When comparing year-to-date performance, Best Buy has lost about 31 percent, which is better than its peers, Radio Shack (RSH) and Staples (SPLS), and significantly better than Tweeter Home Entertainment (OTC:TWTRQ), which lost about 88 percent.
Best Buy (BBY)
Radio Shack (RSH)
Tweeter Home Entertainment (OTC:TWTRQ)
With a strong balance sheet and a sizable market share, Best Buy enjoys numerous supplier and buyer benefits and a history of profitability. The main concern for Best Buy is the current economic climate, which is beyond the management’s control and will naturally turn around as the economy recovers. Equally as concerning are the numerous rivals and an intense price competition, which Best Buy can control and is controlling.
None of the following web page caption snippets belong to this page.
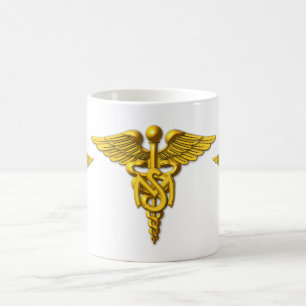 Taza Mágica Cuerpo de Veteranos del Ejército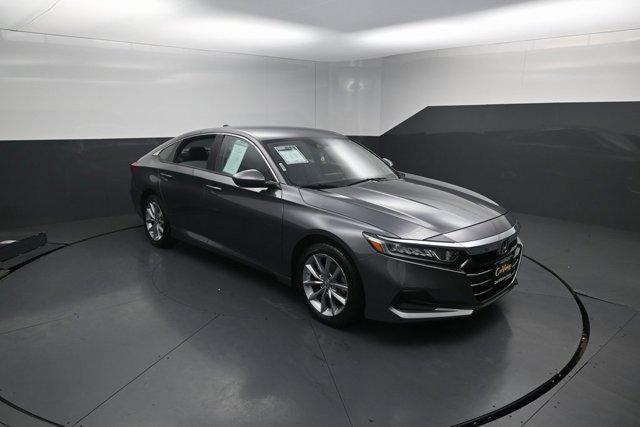 used 2021 Honda Accord car, priced at $17,999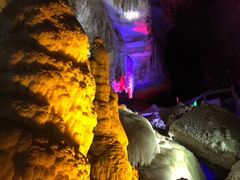 -浮戏山雪花洞风景名胜区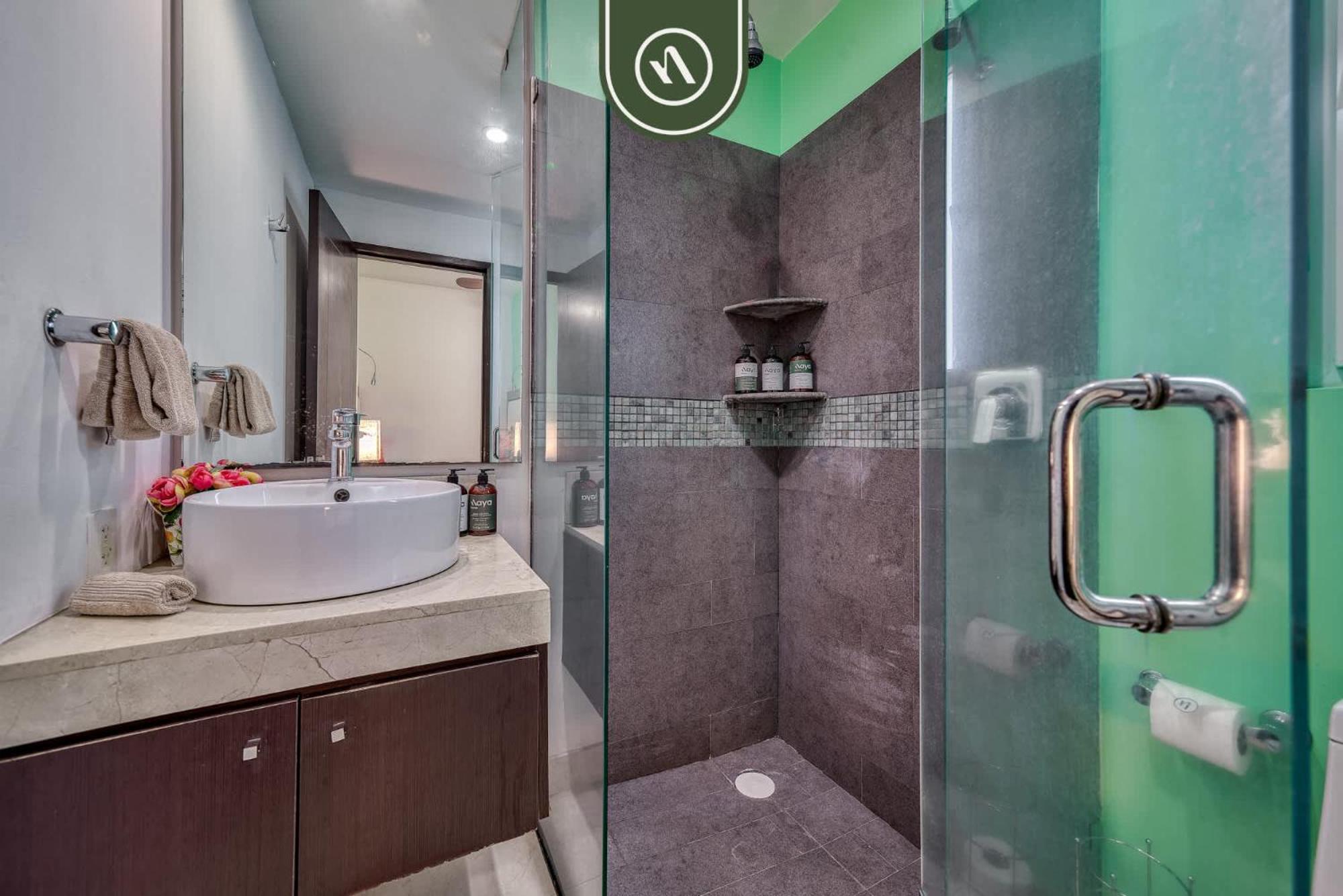 Apartment Luxury 2 Bedroom In Romantic Zone - Rooftop Pool *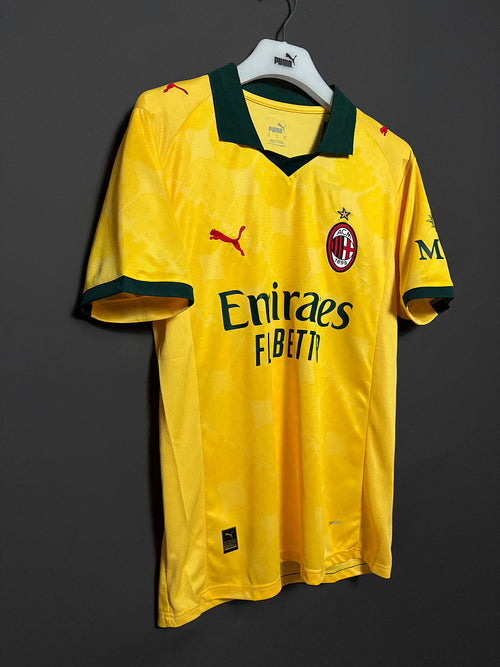 Maillot AC Milan third 2025/26 | Virello – vue 2
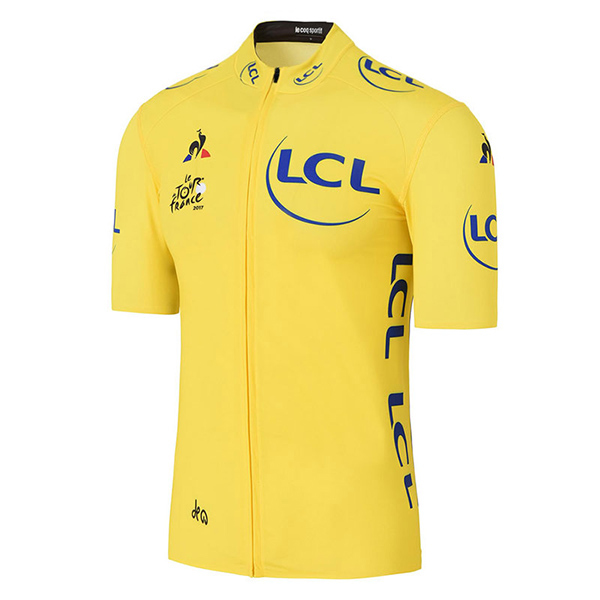 2017 Maglia Tour de France giallo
“The decline in the domestic gross profit rate was driven by a combination of investments we made in promotional activity in key categories and customers purchasing more value-orientated items,” said Best Buy’s CFO James Muehlbauer.
Best Buy’s third quarter net income fell to $154 million or 42 cents per share as Best Buy cut prices in popular categories such as tablets and TVs to drive sales during the holiday season. The revenue rose 2 percent to $12.1 billion from $11.9 billion a year ago. The revenue did not rise as much as expected, but it is not a surprise because Best Buy’s sales are highly dependent on the economic climate.
In a climate where consumer confidence is being challenged and retail sales are missing analysts’ expectations, Best Buy’s miss on earnings isn’t any different. The Commerce Department reported Tuesday that retail sales were up 0.2 percent compared to October, but below analyst expectations. Retail numbers might have disappointed forecasters, but it is not bad news as November’s modest increase came after two months of bigger sales increases.
While the economic climate is beyond Best Buy’s control, the company continues to focus on areas it can control— robust marketing, competitive pricing, and strong online strategy. Additionally, Best Buy’s focus on advanced TVs, notebooks, tablets, video gaming devices and mobile phones will continue to drive Best Buy’s revenue growth in 2012.